» Task goal
Without including any pictures, please copy every entry below exactly.

» Recorded information
☆ ☆ ☆ ☆ ☆ ☆ ☆

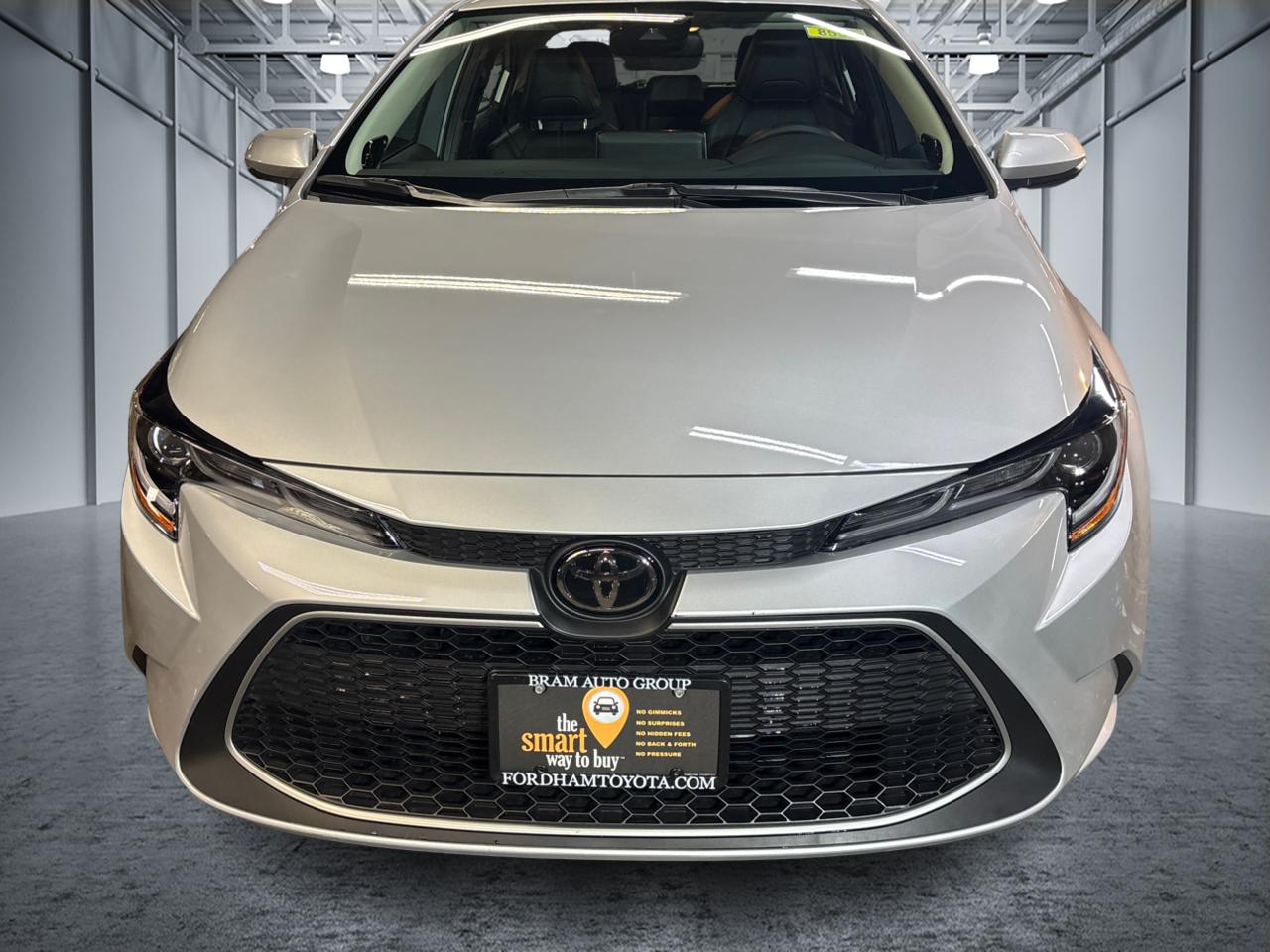 2022 Toyota Corolla XLE 2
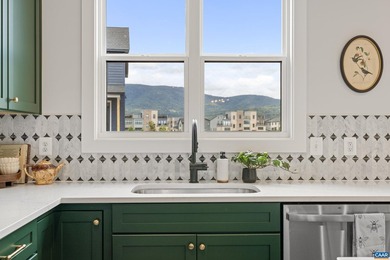 PRESALE 2026 DEVLIVERY. END UNIT. The Avon is a modern townhome on Old Trail Golf Club in Virginia - for sale on GolfHomes.com, golf home, golf lot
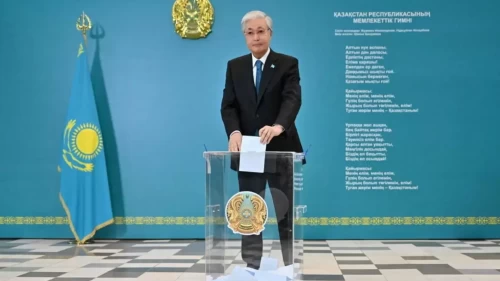 Kazakistan'da tarihi seçim! Yeni anayasa referandumla onaylandı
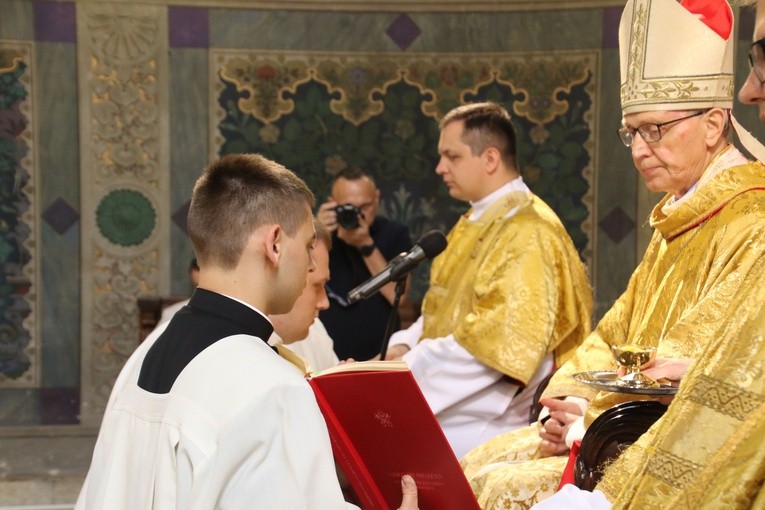 Płock. Święcenia kapłańskie - cz. 1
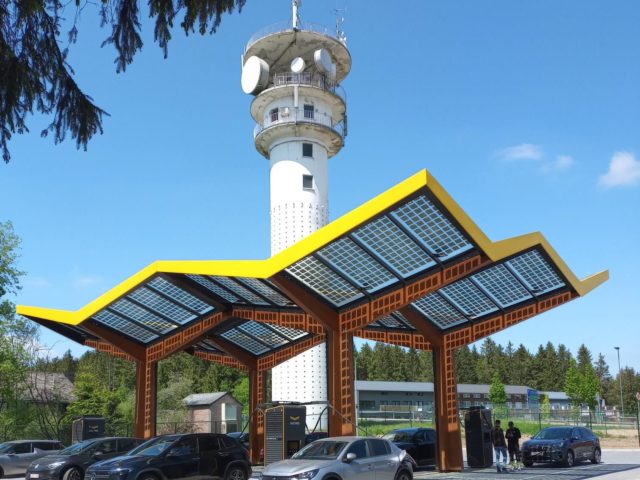 Fastned tempts EV vacationers at Baraque de Fraiture with free ice cream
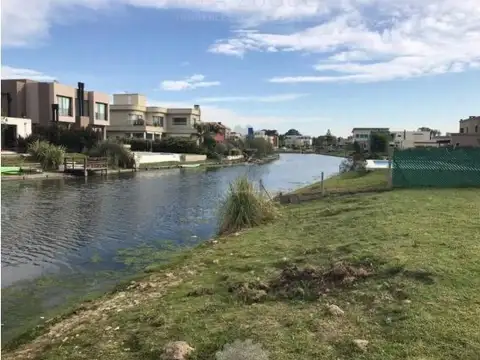 Terreno en Venta en Bernal, USD 350.000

☆ ☆ ☆ ☆ ☆ ☆ ☆

» Solution to this problem
 2022 Toyota Corolla XLE 2
 PRESALE 2026 DEVLIVERY. END UNIT. The Avon is a modern townhome on Old Trail Golf Club in Virginia - for sale on GolfHomes.com, golf home, golf lot
 Kazakistan'da tarihi seçim! Yeni anayasa referandumla onaylandı
 Płock. Święcenia kapłańskie - cz. 1
 Fastned tempts EV vacationers at Baraque de Fraiture with free ice cream
 Terreno en Venta en Bernal, USD 350.000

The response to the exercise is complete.